Contributions of the Arabic Language
While sane and insane voices exist in every society Islamophobes are prevalent in the West, especially now in the United States with the rise of Donald Trump. Of course, Islamophobia is not dominant in US, as can be seen in the efforts of numerous good-willed Americans.
However, what happens when one’s bigotry makes one afraid of a language?
Apparently, some Islamophobes in the United States fear the Arabic language.
Islamophobes Dislike Arabic?
Recently, a teacher at a school in Augusta County, Virginia handed out a homework assignment. The homework, part of the geography curriculum, dealt with world religions. Among other exercises, it included a question asking students to copy Arabic calligraphy (in order to help them understand the complexity of calligraphy in the Arabic language).
It led to an angry backlash by several parents as they felt it was an attempt to convert their children to Islam. The school received multiple calls from angry parents, and some even demanded that the teacher should be fired from her job (note that the teacher did not frame the questions herself, but took them from a standard workbook on world religions).
Things kept getting ugly, with more hate-filled calls and messages coming in, and more parents reacting to the incident with threats. All the schools in the county had to be shut down, and then reopened amidst high security.
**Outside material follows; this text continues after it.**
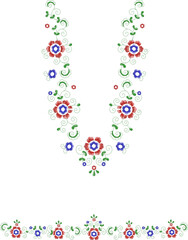 Neck Embroidery Designs.Floral pattern on collar, neck print. 
Abstract hand drawn floral ornament. Vector illustration.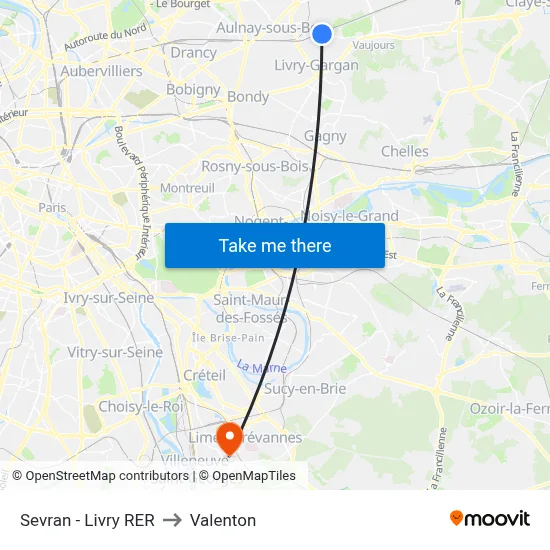 Sevran - Livry RER to Valenton map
Eventually, the question was eliminated from the workbook.
There were voices of sanity as well and some former students created a Facebook group to defend their geography teacher.
This is not the first time that Islamophobia in the United States has manifested itself as a bias against the Arabic language. Back in March 2015, a school near New York City had to apologize for including Arabic as one of the languages during its Foreign Languages Week celebration.
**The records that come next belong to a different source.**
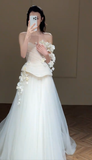 Chic A Line Strapless Tulle Applique Long Wedding Dresses HZ1024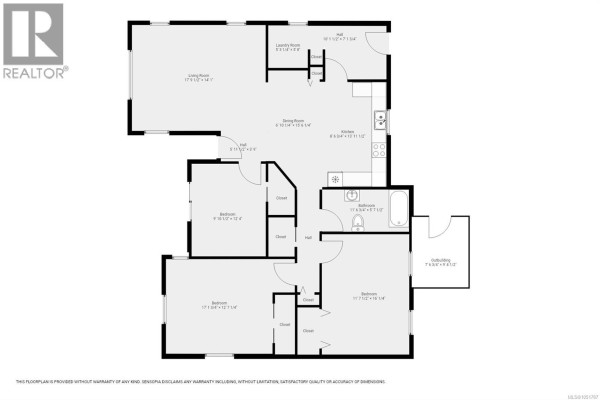 Kitchen with white cabinets, stainless steel appliances, and black tiled backsplash. - 558 Alder St, Campbell River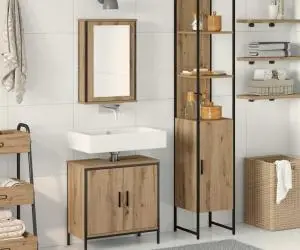 vidaXL Set de mobilier pentru baie 3 piese din lemn ingineresc stejar artisan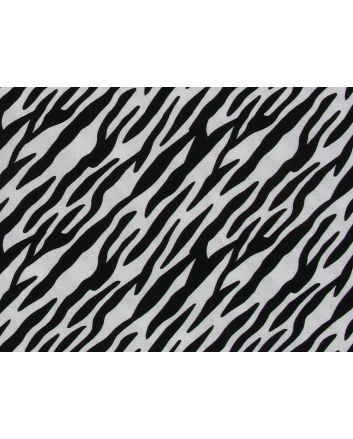 Electric Safari Zebra Cotton Print, Black
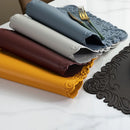Axyaa Red Faux Leather Square Placemats Set for Kitchen & Outdoor Dining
What follows is a list of Arabic language contributions.
- Renowned Christian theologian Thomas Aquinas was influenced by several philosophers — those philosophers wrote in Arabic.
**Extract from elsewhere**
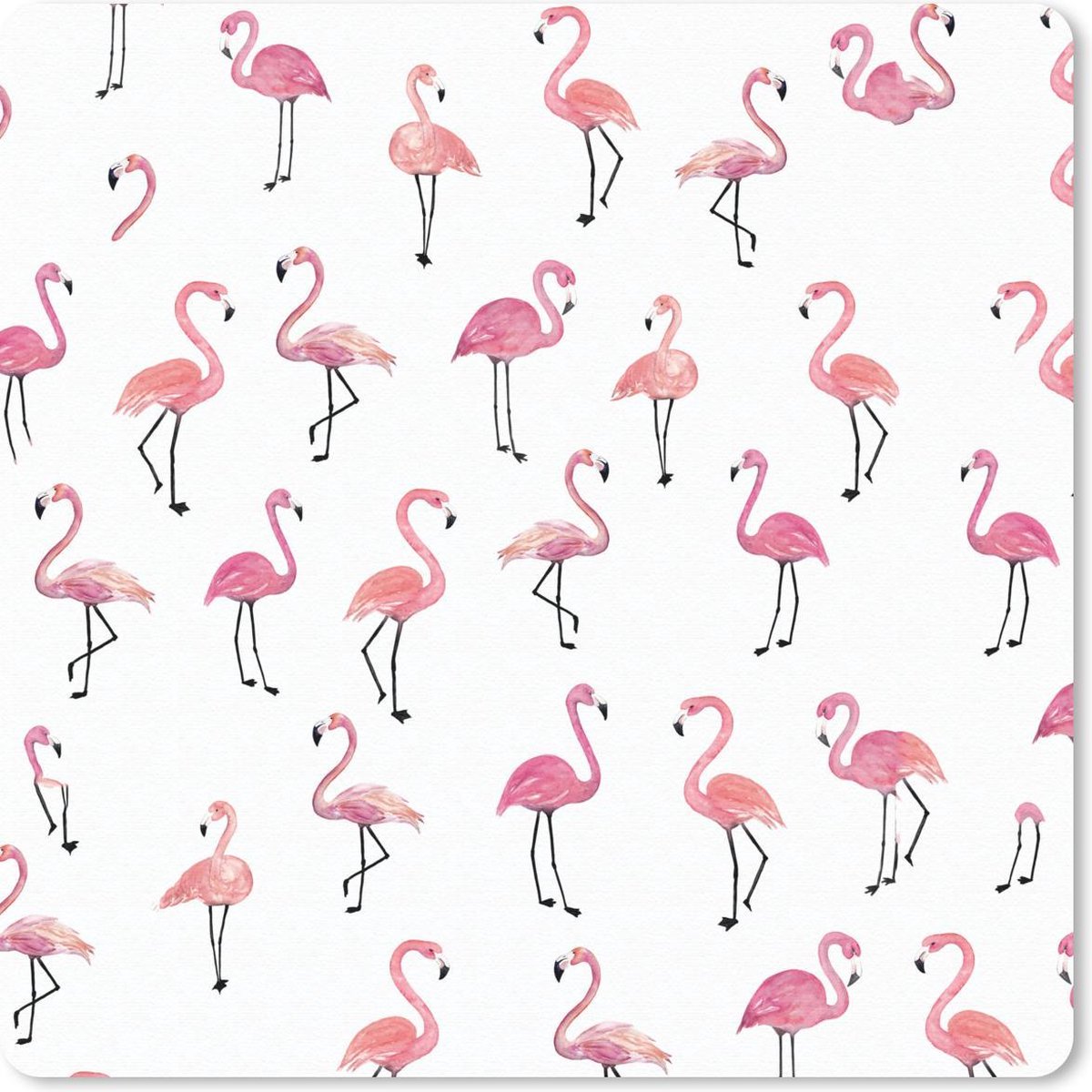 Muismat 20x20 cm - Mousepad Flamingo - Vogel - Roze - Patronen - Muismatten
- During Christopher Columbus’s voyage to America, Columbus depended heavily on the calculations of al-Farghani. In fact, al-Farghani was one of the first to prove that the earth was spherical, and he wrote all of that in Arabic.
- It is argued that zero first originated in India. However, the circular zero that is in use today comes from the works of Arabic scholars. Don’t like the zero? Good luck dividing XLIV by CLXIV.
Yes, there is a lot more.
If Islamophobes want to turn their children away from the Arabic language because they feel it relates to Muslims, will they be turning their kids away from trigonometry, algebra, chemistry, pharmacy and medicine? Because all of these were, in some way or other, invented and developed by Muslims.
Quite obviously, paranoia and religious bigotry knows no reason, and is purely illogical. The Arabic language has proven to be beneficial for the development of civilization.